## [EXERCISE BRIEF]
Look through the listing for the string "Double" and copy out every line that holds it.

## [AVAILABLE RECORDS]
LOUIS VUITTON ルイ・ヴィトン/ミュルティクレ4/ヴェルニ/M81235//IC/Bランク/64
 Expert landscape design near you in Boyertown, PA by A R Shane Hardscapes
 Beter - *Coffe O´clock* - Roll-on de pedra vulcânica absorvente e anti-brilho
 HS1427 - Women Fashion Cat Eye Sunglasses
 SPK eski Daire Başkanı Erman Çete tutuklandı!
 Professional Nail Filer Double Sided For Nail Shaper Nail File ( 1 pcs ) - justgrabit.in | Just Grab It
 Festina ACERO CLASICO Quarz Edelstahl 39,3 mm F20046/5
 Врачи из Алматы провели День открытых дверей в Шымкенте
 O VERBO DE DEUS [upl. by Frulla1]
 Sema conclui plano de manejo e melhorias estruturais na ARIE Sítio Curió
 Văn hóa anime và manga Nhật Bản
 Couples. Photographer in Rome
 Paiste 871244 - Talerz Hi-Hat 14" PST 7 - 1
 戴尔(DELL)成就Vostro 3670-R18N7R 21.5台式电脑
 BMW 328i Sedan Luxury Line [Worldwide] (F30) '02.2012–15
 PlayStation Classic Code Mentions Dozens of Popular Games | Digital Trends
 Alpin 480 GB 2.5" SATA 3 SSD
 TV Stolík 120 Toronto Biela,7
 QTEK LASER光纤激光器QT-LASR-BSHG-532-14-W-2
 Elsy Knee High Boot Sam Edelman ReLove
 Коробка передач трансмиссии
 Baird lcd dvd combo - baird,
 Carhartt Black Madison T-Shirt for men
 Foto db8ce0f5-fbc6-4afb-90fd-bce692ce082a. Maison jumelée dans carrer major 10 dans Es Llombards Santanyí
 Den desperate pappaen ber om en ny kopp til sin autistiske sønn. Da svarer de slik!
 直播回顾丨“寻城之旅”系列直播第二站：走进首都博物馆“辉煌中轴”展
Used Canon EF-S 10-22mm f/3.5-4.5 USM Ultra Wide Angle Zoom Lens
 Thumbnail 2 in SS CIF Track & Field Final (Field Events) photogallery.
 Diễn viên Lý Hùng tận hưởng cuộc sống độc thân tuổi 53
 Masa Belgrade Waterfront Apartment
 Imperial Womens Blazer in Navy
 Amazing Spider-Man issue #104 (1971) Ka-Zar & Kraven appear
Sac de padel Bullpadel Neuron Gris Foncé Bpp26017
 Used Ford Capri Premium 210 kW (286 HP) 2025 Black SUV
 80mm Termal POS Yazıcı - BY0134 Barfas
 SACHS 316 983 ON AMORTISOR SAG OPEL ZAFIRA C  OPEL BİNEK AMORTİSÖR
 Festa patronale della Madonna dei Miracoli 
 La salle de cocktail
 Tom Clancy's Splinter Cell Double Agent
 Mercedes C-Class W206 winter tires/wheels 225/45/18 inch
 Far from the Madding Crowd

## [SOLUTION TO THE PROBLEM]
 Professional Nail Filer Double Sided For Nail Shaper Nail File ( 1 pcs ) - justgrabit.in | Just Grab It
 Tom Clancy's Splinter Cell Double Agent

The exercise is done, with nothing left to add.